Hello fellow Hakkers,
If you’re working with Scala and asynchronous I/O – especially in distributed computing – then you should quickly get familiar with the circuit breaker pattern.
Akka has a simple circuit breaker implementation and it has absolutely nothing to do with Actors. If you’re using Scala futures, you would almost certainly benefit from the implementation of circuit breakers.
Let’s look at what happens when we talk to a service in most normal circumstances.
You may be sending requests to a database or another service, and that service might have a known or estimated maximum throughput – say 100 requests per seconds per instance.
Then, you have the consumers of that service, which could be live users. The known throughput of the input is unknown and can potentially fluctuate 100x throughout the day. If one day your article shows up on hacker news, then you might see 1000x more traffic than you had anticipated.
Normally that fluctuation is tolerable – you’ll end up queuing several requests, and they wait until your system is able to get to your request. Let’s say we want to parse articles for an iphone reader application. You might have some slow consumer in the data pipeline like so:
What happens when you have a large numbers of requests coming in is that the messages start to queue up. It takes longer and longer to process each message.
Eventually your slow consumer will take such a long time that users will get impatient and start hitting retry, only compounding the issue. Services will timeout and users will wait tens of seconds to see errors.
This is a violation of our responsibility to be responsive in all cases.
Ultimately your consumer might end up storing or attempting to process so many messages that it runs out of memory and crashes.

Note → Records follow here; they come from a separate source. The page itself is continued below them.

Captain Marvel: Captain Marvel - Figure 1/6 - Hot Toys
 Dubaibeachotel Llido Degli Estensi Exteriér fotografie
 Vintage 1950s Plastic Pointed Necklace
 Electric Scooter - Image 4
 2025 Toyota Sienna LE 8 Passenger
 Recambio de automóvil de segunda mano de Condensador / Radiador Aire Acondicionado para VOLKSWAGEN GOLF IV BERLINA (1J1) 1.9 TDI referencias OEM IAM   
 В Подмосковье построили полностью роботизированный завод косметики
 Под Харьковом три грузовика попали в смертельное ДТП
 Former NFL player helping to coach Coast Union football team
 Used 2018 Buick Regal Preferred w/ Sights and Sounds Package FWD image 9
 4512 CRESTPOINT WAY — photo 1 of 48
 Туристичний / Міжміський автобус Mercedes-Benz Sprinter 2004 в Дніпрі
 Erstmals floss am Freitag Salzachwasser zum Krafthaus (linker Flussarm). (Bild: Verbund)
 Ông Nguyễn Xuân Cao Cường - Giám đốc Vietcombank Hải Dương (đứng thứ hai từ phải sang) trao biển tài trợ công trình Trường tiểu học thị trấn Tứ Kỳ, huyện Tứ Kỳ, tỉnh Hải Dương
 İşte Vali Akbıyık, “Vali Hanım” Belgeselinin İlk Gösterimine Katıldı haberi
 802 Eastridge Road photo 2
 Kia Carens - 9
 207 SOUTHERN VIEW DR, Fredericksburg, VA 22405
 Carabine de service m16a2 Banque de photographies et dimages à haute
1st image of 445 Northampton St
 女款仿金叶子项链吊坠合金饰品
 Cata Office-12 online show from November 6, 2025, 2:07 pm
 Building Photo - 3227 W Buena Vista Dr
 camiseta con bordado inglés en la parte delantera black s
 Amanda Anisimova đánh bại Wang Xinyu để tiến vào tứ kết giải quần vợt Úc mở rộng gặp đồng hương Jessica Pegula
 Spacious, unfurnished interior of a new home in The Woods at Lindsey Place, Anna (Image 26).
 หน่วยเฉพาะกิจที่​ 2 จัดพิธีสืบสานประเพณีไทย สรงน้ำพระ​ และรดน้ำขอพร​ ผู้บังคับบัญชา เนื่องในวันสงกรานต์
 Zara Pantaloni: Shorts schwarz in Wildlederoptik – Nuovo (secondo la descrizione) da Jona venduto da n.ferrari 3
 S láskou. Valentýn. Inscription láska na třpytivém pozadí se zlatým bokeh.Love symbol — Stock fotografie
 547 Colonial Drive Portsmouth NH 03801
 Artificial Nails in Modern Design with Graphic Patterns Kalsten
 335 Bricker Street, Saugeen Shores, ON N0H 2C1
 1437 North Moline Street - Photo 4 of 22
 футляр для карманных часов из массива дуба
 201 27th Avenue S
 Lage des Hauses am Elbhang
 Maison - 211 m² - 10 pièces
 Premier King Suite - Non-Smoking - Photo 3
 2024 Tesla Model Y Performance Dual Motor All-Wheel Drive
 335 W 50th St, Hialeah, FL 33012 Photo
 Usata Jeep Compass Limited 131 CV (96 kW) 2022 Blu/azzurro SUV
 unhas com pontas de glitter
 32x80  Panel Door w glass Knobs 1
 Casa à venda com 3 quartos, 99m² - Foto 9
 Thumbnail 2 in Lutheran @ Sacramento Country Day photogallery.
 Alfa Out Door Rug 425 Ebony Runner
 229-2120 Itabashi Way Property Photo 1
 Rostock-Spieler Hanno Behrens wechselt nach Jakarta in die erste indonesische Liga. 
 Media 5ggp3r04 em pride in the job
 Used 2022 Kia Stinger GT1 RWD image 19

This is a violation of our responsibility to built resilient systems.
Enter the circuit breaker.
If, instead of accepting messages even when the response of downstream systems is slow, we temporarily fail the responses immediately, telling users to come back later, then we start to have a different picture of the problem.
Now the downstream services can “catch up” and heal so we have two benefits:
– We don’t make users wait for an error (responsive)
– We let our systems heal (resiliency)
If the requests are going to timeout and fail anyway, we might as well not compound the problem by throwing more requests on.
The circuit breaker pattern will monitor timeouts and failures between the producer and consumer of requests. Normally it will not affect behaviour. This is the “closed” state for the circuit breaker:
Then, if downstream, a consumer gets overwhelmed and lots of errors or timeouts are occurring, the circuit breaker opens, giving failure messages back to the user quickly.
For timeouts, you can roughly guess the period of time needed based on the the measured max throughput of down service systems against the timeout latency thresh-hold. (ignoring all dependencies, if the system can process 100req/s and the timeout is at 5 seconds, there should be 500 messages queued so it will take 5 seconds to recover.
After waiting a period of time for recovery, the circuit breaker will change states to “half-open” and will try a request to see if the downstream system has recovered. All other requests will still fail with exception.
The response of the sample’d requests is evaluated. If the request fails, we assume the system has not recovered yet, and we flip back to open. If it appears to have recovered, then we can fully close the circuit breaker and continue as usual.
I produced a small scala/akka example here which demonstrates a message producer producing messages faster than the consumer, and shows how the circuit breaker protects against long response times and a total meltdown (eg out of memeory errors). While the Akka toolkit contains a circuit breaker out of the box, you can certainly implement the circuit breaker in any language and system you are using.